Elevate’s speed is one of its key advantages. The model allows it to approve most loans within seconds while staying on the right side of compliance.
“If we start to see things in data we don’t like, we can react in days, not months, and still conform to all the governance requirements,” says VonDohlen.
The main challenge for Elevate and for any company offering non-prime personal loans is charge-offs — debts a company does not believe it can collect — which can apply to a quarter of the loans written. This is where Elevate’s data analysis capabilities are expected to sustain its model and provide competitive differentiation.
“We strive to continuously improve analytically, develop new data sources, better manage data sources, book more volume, and use the resulting experience to build better models,” says VonDohlen. “It’s a giant circle. In becoming a public company, the circle doesn’t change. The velocity at which we spin the circle increases.”

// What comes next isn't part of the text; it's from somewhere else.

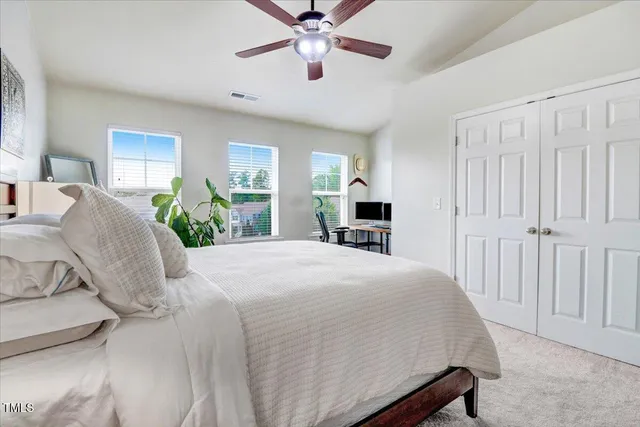a front view of a house with yard and green space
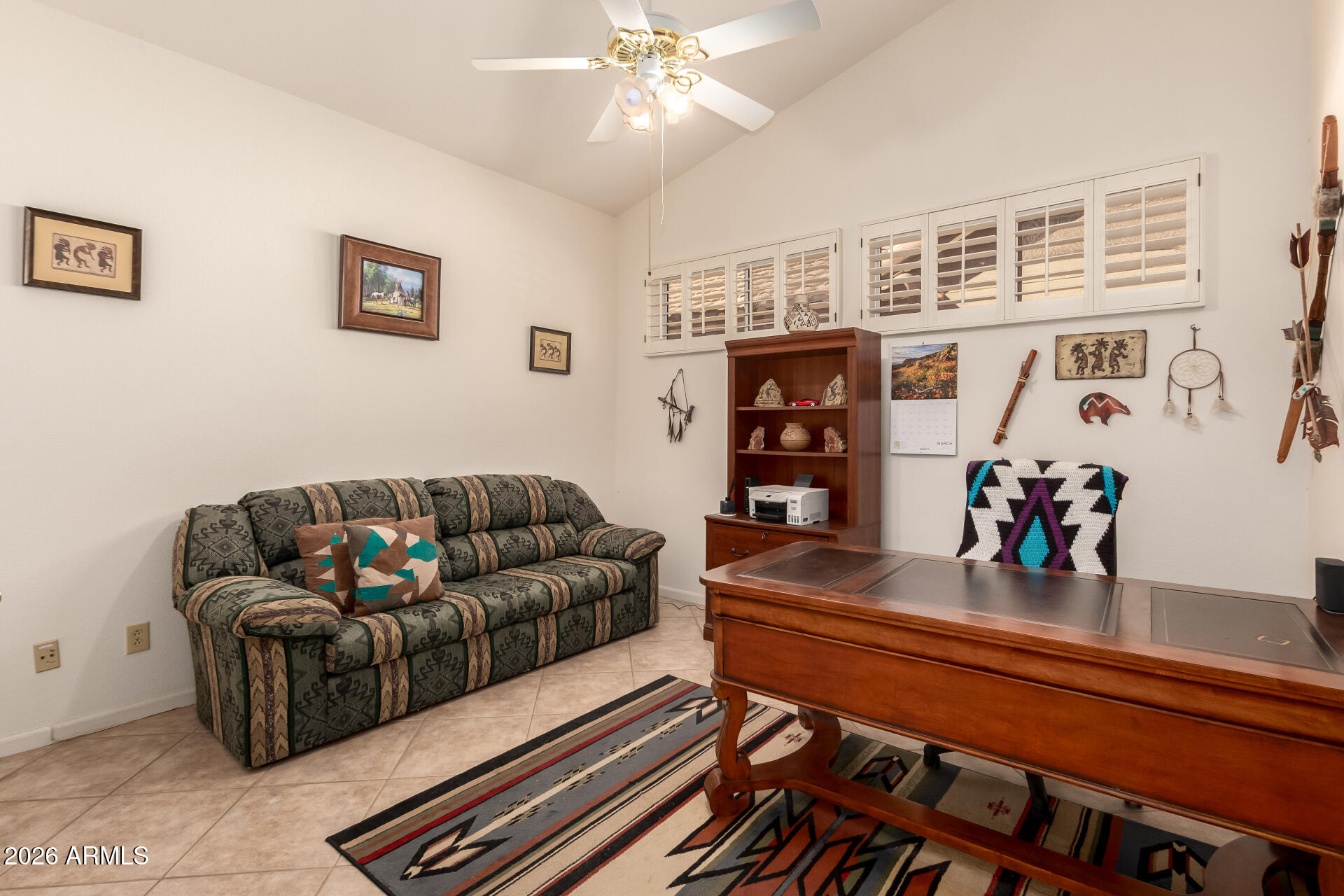 10904 East Spring Creek Road Sun Lakes, AZ 85248 - Photo 29 of 37 a living room with furniture and a bookshelf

Elevate’s analytics platform, DORA, is home grown. It’s based on open-source software tools that enable model development and risk analytics. DORA inputs and outputs are monitored and evaluated to help ensure legal and regulatory compliance. Elevate’s IQ platform deploys business logic and algorithms. And driving the analytics and decision-making technology is the very human decision to create specific data sets, generated from sources that monitor non-prime customers.
The platforms draw on more than 10 different sources of consumer information, including the big three credit bureaus as well as other bureaus that specialize in non-prime customers. In addition, Elevate acquires data from LexisNexis, ID Analytics and other unique data sources to validate the applicant’s identity and to draw inferences about the applicant’s intent to repay. Elevate uses this data in ongoing tests to optimize its underwriting, to ensure that fraud and serious credit risks are more easily distinguished from acceptable risks.
“We use applicant-provided information — where they live, bank account information — but we also use behavioral data,” VonDohlen explains. “We look at their behavior when they visit the website, and we constantly assess how existing customers perform on loans as we service them.”
In the last year, Elevate’s charge-off rates have remained steady, while its customer acquisition costs have dropped, says Rees. It is betting on the long-term stability of a more regulated non-prime lending market, and openly supports new Consumer Financial Protection Bureau regulatory initiatives. It is part of a corporate strategy that sees a bright future in doing right by its customers.
Elevate also uses its nimble, data-driven underwriting model to reward its best customers. Borrowers who establish a history of on-time repayment, and who take advantage of online financial literacy tools and videos, will see their APRs drop over time. Currently, the most responsible Elevate customers pay APRs as low as 36 percent. As Rees notes, for customers who have been paying as high as 400 percent or more, “this is life changing.”
As a bonus, the company also reports to credit bureaus, which can help those customers eventually borrow at prime rates. Nonetheless, Elevate is confident that it can continue to grow by dipping further into the pool of millions who are denied prime credit. “We’ve only touched about one percent of the potential market at this point,” says Rees.